From the records below, extract only the lines running from the line with "Casa la rosu de vanzare in Turda - 1" to the line with "2016 FORD FOCUS SE - Image 6", both lines included, reproducing them exactly.

**Caption-style text data**
__________

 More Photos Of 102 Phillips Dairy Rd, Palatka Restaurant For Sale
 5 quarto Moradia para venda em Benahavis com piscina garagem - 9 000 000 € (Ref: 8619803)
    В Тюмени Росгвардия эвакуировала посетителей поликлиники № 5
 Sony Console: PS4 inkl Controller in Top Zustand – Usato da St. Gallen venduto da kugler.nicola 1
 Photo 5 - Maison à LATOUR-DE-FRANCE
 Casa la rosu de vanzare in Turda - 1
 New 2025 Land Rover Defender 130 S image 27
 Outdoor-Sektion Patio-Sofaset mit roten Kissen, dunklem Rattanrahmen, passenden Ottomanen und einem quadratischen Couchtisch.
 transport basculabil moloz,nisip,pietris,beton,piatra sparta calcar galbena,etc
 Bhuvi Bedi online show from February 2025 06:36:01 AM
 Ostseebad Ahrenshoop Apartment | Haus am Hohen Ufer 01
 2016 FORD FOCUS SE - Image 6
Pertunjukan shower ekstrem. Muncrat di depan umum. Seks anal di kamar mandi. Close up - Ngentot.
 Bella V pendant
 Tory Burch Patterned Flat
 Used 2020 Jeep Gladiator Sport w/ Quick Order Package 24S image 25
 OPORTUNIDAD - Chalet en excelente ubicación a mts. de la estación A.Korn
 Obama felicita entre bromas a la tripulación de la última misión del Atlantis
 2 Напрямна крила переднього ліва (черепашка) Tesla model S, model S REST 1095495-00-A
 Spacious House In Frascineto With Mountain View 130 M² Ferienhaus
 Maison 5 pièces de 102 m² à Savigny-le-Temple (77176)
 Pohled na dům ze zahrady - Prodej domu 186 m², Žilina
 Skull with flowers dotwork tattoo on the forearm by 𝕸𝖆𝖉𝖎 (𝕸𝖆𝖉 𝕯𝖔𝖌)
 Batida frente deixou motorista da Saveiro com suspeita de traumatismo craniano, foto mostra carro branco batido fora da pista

__________

**TASK SOLUTION**
 Casa la rosu de vanzare in Turda - 1
 New 2025 Land Rover Defender 130 S image 27
 Outdoor-Sektion Patio-Sofaset mit roten Kissen, dunklem Rattanrahmen, passenden Ottomanen und einem quadratischen Couchtisch.
 transport basculabil moloz,nisip,pietris,beton,piatra sparta calcar galbena,etc
 Bhuvi Bedi online show from February 2025 06:36:01 AM
 Ostseebad Ahrenshoop Apartment | Haus am Hohen Ufer 01
 2016 FORD FOCUS SE - Image 6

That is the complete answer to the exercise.